Republicans have dominated Texas politics for nearly two decades, but as the state’s population trends younger and becomes more diverse, Democrats are having greater success. In 2018, former congressman Beto O’Rourke, a Democrat, came close to beating Sen. Ted Cruz (R-Tex.) and brought national attention to the state’s changing politics. That same year, Democrats flipped two suburban congressional districts and picked up a dozen seats in the Texas House, putting Democrats just nine seats away from taking control of the chamber — and just ahead of the next redistricting process.
The challenge for Democrats is getting more Texans registered and to the polls, work that can be difficult given that Texas does not have online voter registration and requires those registering voters to be certified to do so in the county where the registrant lives.

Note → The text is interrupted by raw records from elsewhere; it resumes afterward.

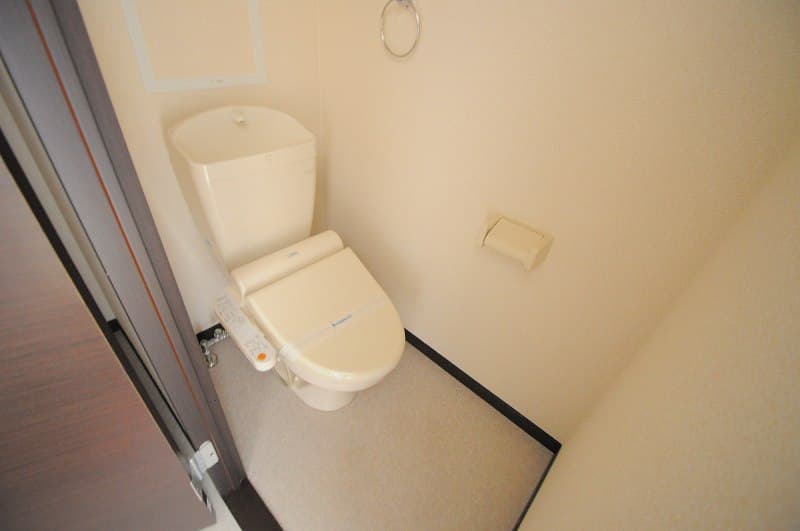 Room image 8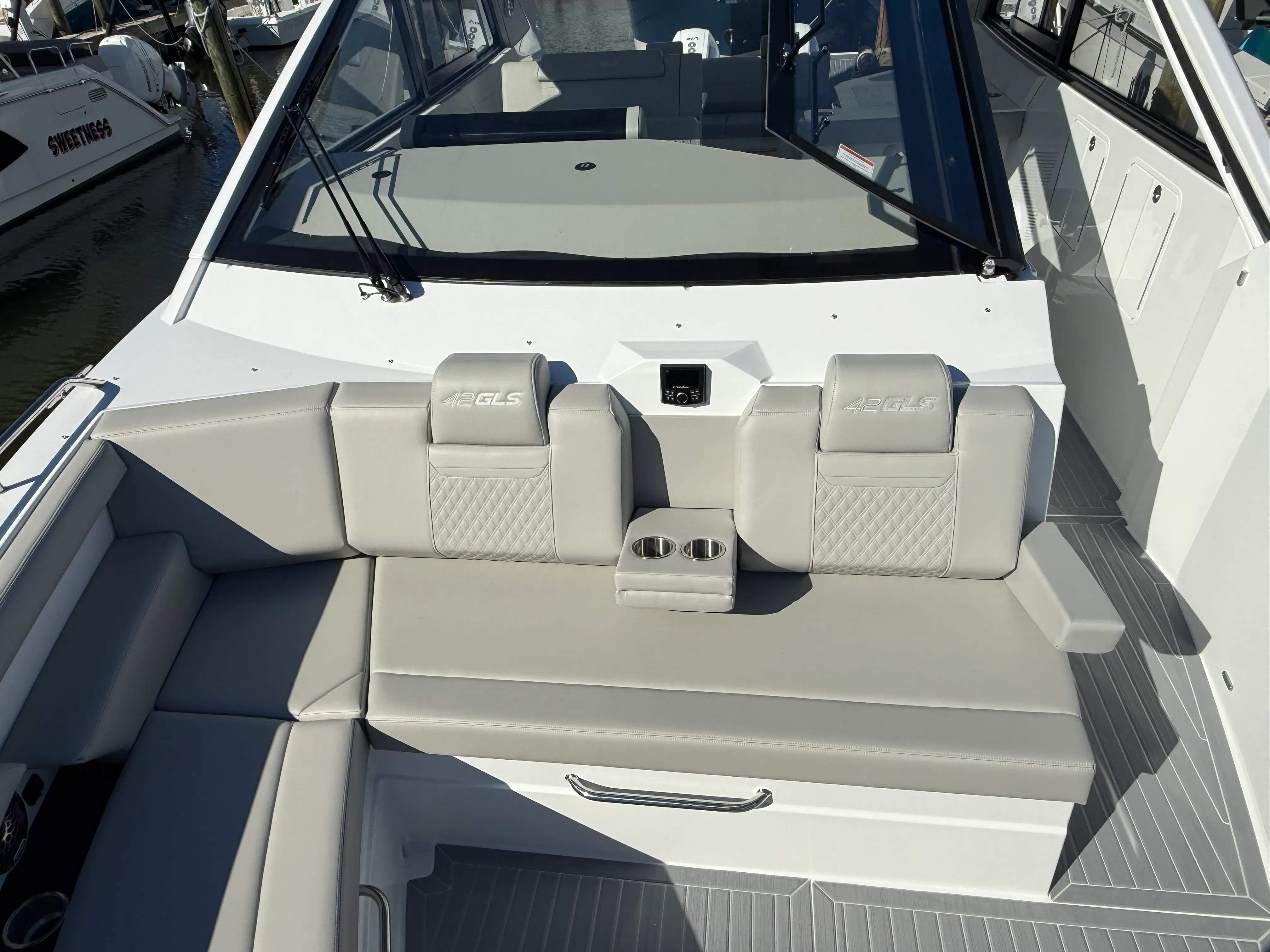 2026 Cruisers Yachts 42 GLS Outboard Image Thumbnail #44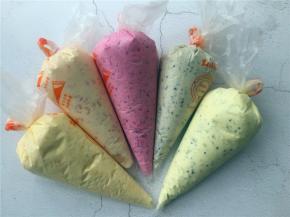 将五种水果奶油糊分别装在裱花袋中。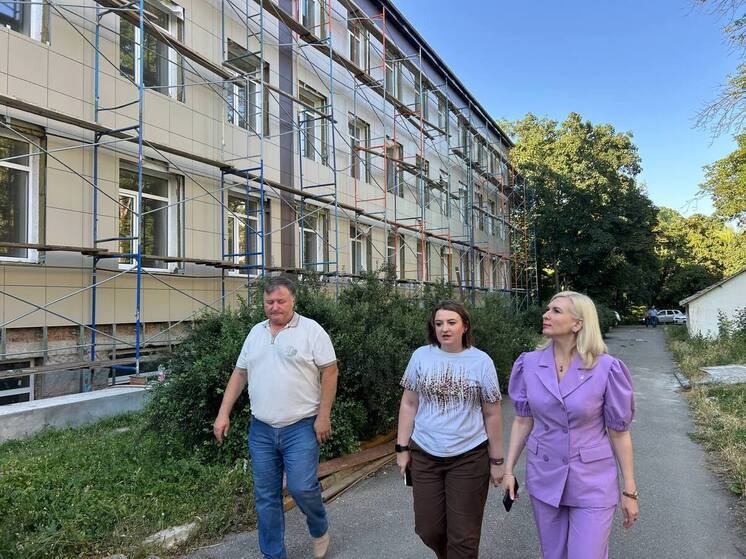 Министр образования Ставрополья проверила капремонт школ Ессентуков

Clouston, who moved to Texas from Chicago, said she has been surprised that “even the simple things are made way more complicated than they need to be by the state.”
In the past few months, the Texas Democratic Party — along with the Democratic Senatorial Campaign Committee and the Democratic Congressional Campaign Committee — has filed three lawsuits related to voting in Texas, including one challenging a newly enacted law that bans temporary voting sites like those some counties set up near colleges and universities during early voting. State party officials say they plan to continue pressuring the state to make voting easier, not more difficult.
As part of the new voter-protection effort, Texas Democrats have hired two full-time staff members, plan to add two more in the next month and could continue to grow the team in the months ahead. The party will also create a voter-protection council that will pull together the many groups and individuals who are already working on these issues. During the general election this fall, the party plans to send volunteers to polling locations across the state to observe the process, answer questions from voters and ensure that all votes are counted properly.
The party has launched a hotline, 844-TX-VOTES, that Texans may call to receive information about registering and voting, or to report any irregularities or obstacles they encounter while trying to vote. In years past, the party has operated such a hotline just ahead of elections, but now the service will be available year round.
Abhi Rahman, a spokesman for Texas Democrats, declined to say how much money Fair Fight has provided, but described it as “significant” and said the effort is the largest in Texas history.
Correction: A previous version of this article misnamed the organization that is partnering with the Texas Democratic Party. The organization is Fair Fight, not Fair Fight Action, which is a separate organization.